■ PROBLEM DETAILS ■
Give the records again. Keep them exact and leave out the images.

■ RECORDS TO USE ■
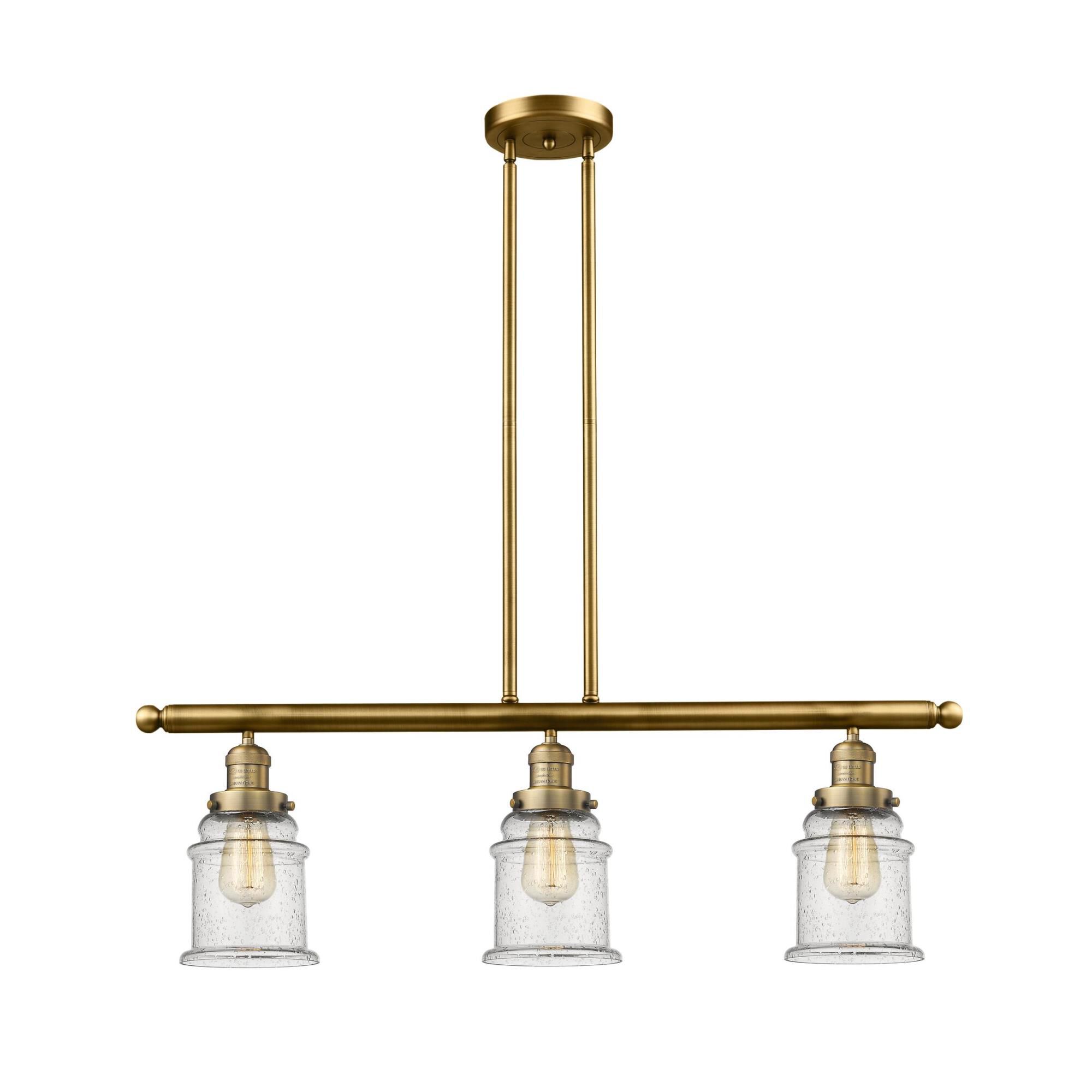 Shown in Brushed Brass finish and Seedy glass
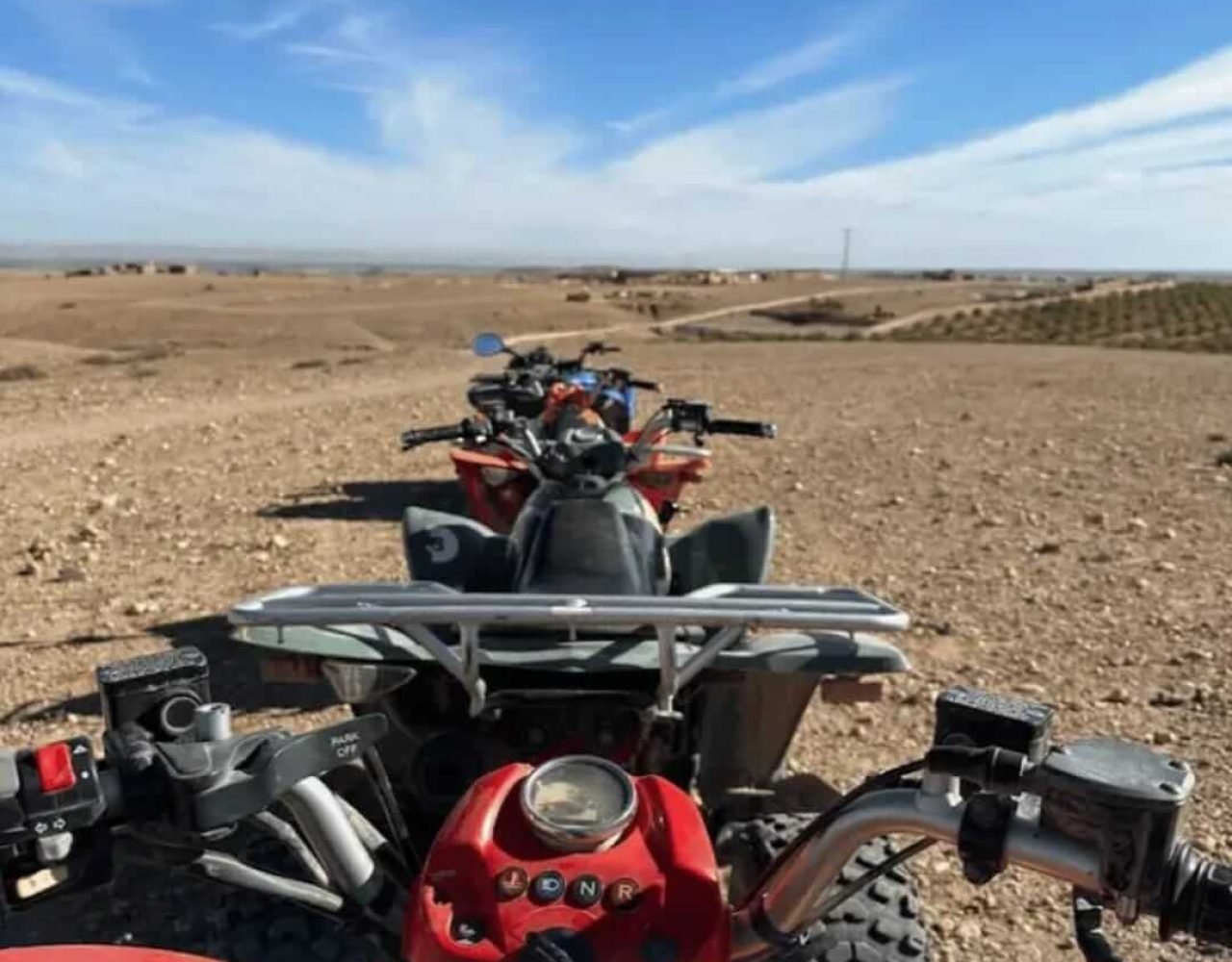 Quad bikes parked in the Agafay Desert under a clear sky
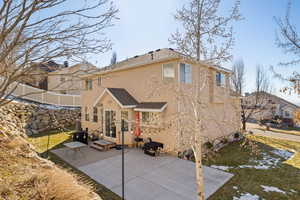 Back of house with roof with shingles, a patio area, fence, and stucco siding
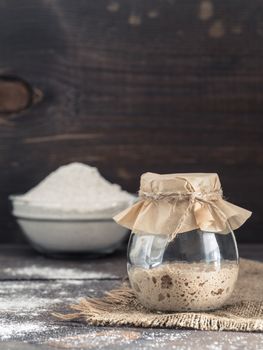 Active rye sourdough starter in glass jar and rye flour on brown wooden background. Starter for sourdough bread. Toned image. Copy space. Vertical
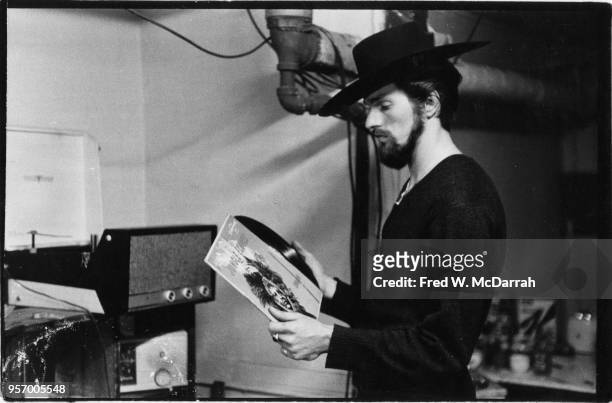 American beat poet and manager of Cafe Rafio Ronald Von Ehmsen removes a record from its sleeve as he stands in his basement apartment , New York,...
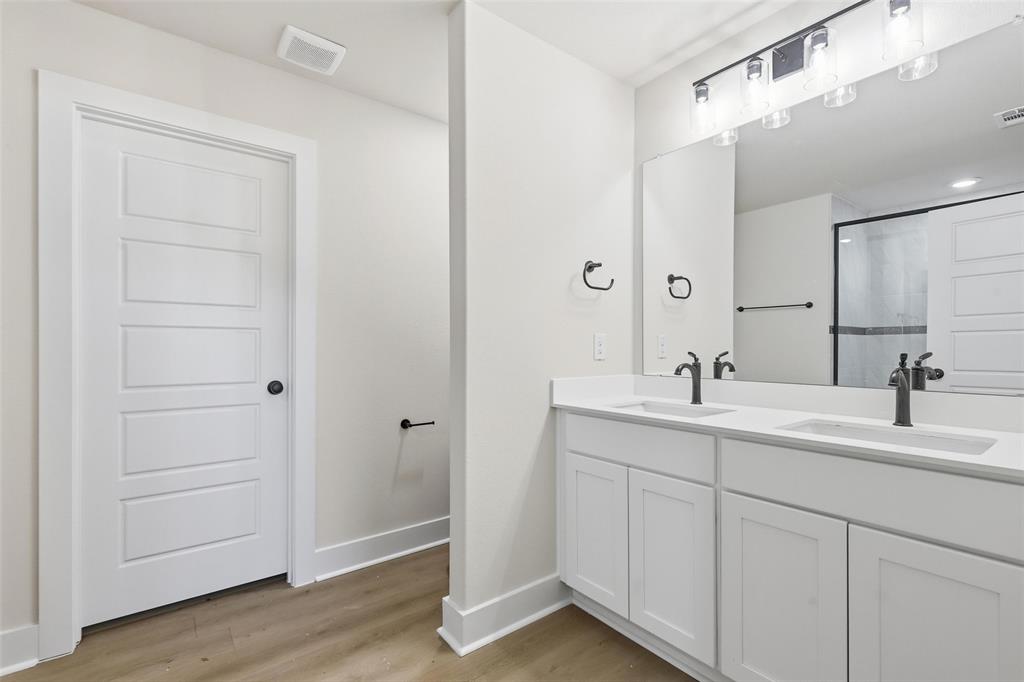 472 Peace Lily Way Tolar, TX 76476 - Photo 21 of 40 a bathroom with a double vanity sink and a mirror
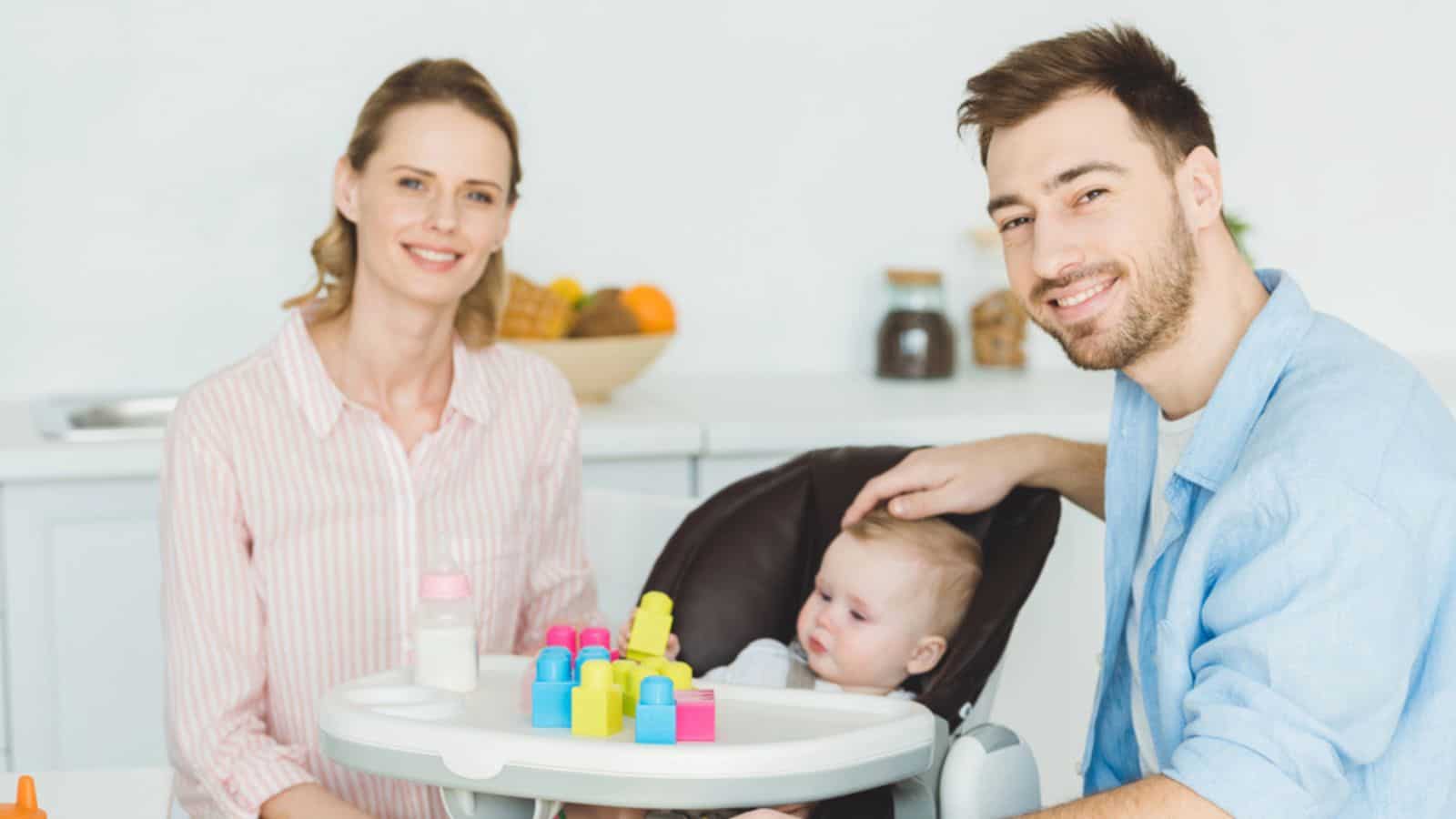 Young parents with infant daughter sitting in baby chair with plastic blocks and feeding bottle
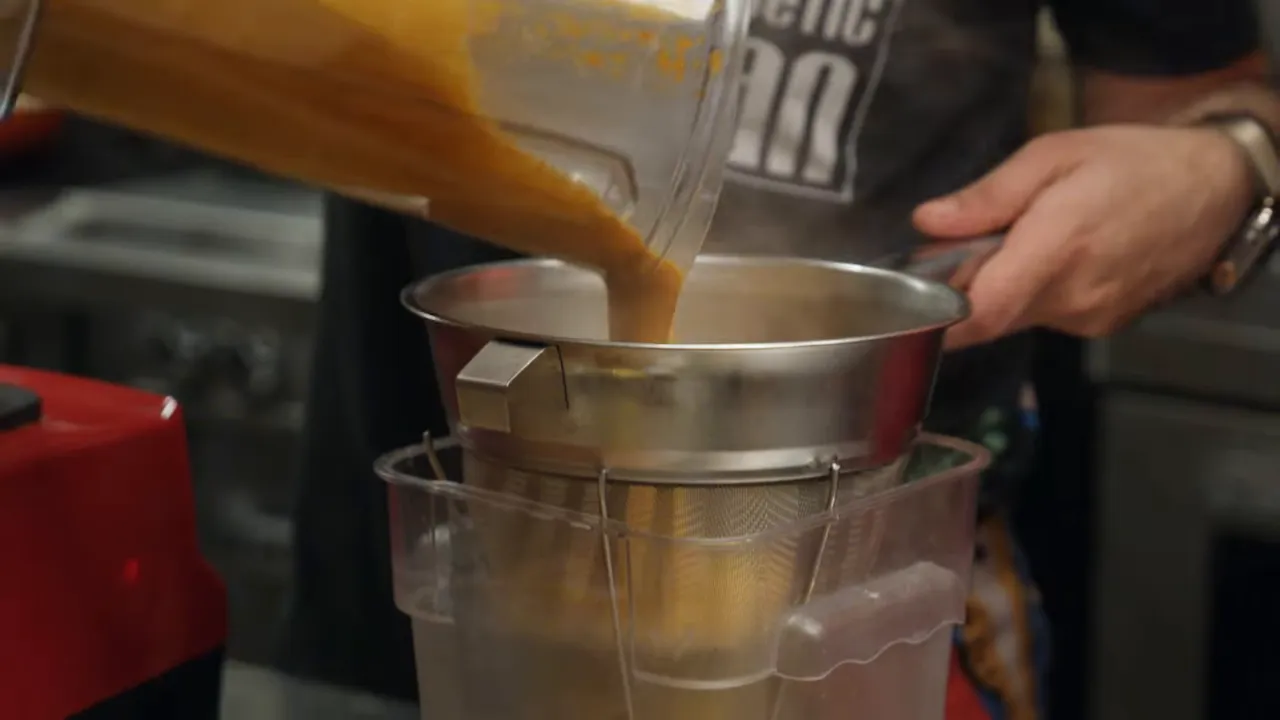 Stream of blended tomato sauce being poured through a fine mesh strainer to create a smooth makhani sauce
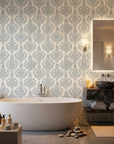 Antique Fern Mist sage green distressed damask wallpaper creating ambiance in a serene bathroom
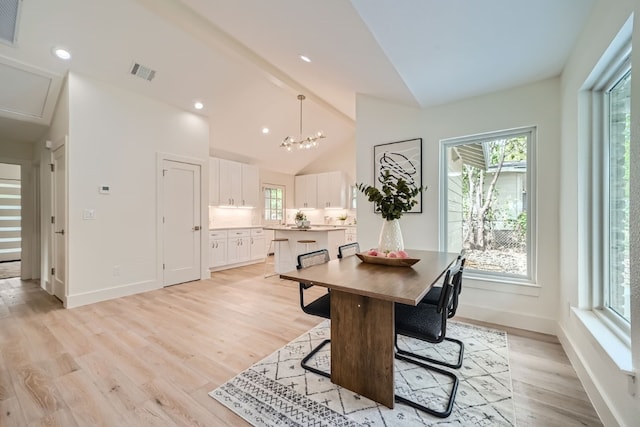 dining area featuring beam ceiling, light hardwood / wood-style flooring, a notable chandelier, and high vaulted ceiling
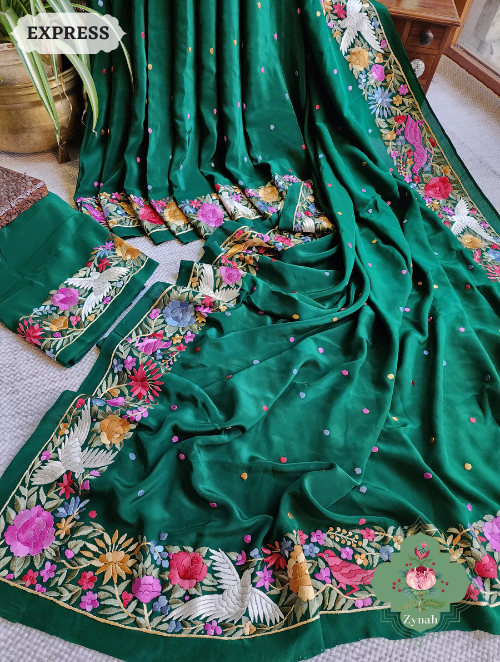 Green Pure Crepe Silk Saree with Hand-Embroidered Parsi Gara work in floral motifs. Traditional and elegant.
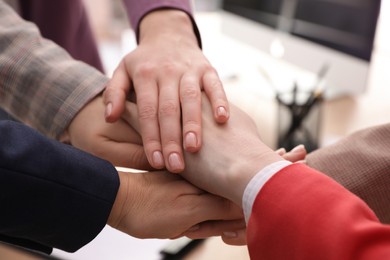 Photo of Women holding hands together in office, closeup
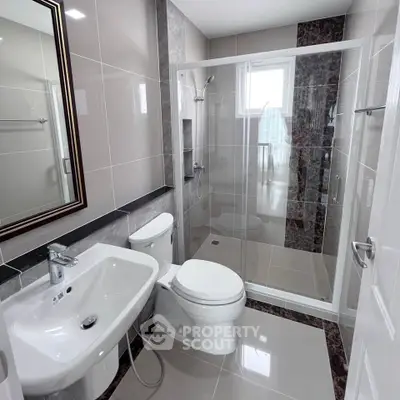 Modern bathroom with sleek fixtures and glass shower enclosure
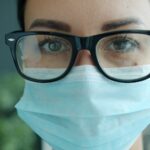 A close-up of a doctor in black-rimmed glasses and a blue surgical mask, looking into the camera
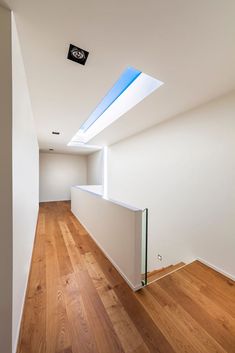 an empty room with wooden floors and skylights above it, is seen in this image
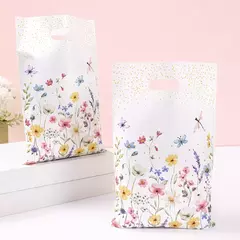 Bolsa riñón "floral". Precio por unidad.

■ TASK RESULT ■
 Shown in Brushed Brass finish and Seedy glass
 Quad bikes parked in the Agafay Desert under a clear sky
 Back of house with roof with shingles, a patio area, fence, and stucco siding
 Active rye sourdough starter in glass jar and rye flour on brown wooden background. Starter for sourdough bread. Toned image. Copy space. Vertical
 American beat poet and manager of Cafe Rafio Ronald Von Ehmsen removes a record from its sleeve as he stands in his basement apartment , New York,...
 472 Peace Lily Way Tolar, TX 76476 - Photo 21 of 40 a bathroom with a double vanity sink and a mirror
 Young parents with infant daughter sitting in baby chair with plastic blocks and feeding bottle
 Stream of blended tomato sauce being poured through a fine mesh strainer to create a smooth makhani sauce
 Antique Fern Mist sage green distressed damask wallpaper creating ambiance in a serene bathroom
 dining area featuring beam ceiling, light hardwood / wood-style flooring, a notable chandelier, and high vaulted ceiling
 Green Pure Crepe Silk Saree with Hand-Embroidered Parsi Gara work in floral motifs. Traditional and elegant.
 Photo of Women holding hands together in office, closeup
 Modern bathroom with sleek fixtures and glass shower enclosure
 A close-up of a doctor in black-rimmed glasses and a blue surgical mask, looking into the camera
 an empty room with wooden floors and skylights above it, is seen in this image
 Bolsa riñón "floral". Precio por unidad.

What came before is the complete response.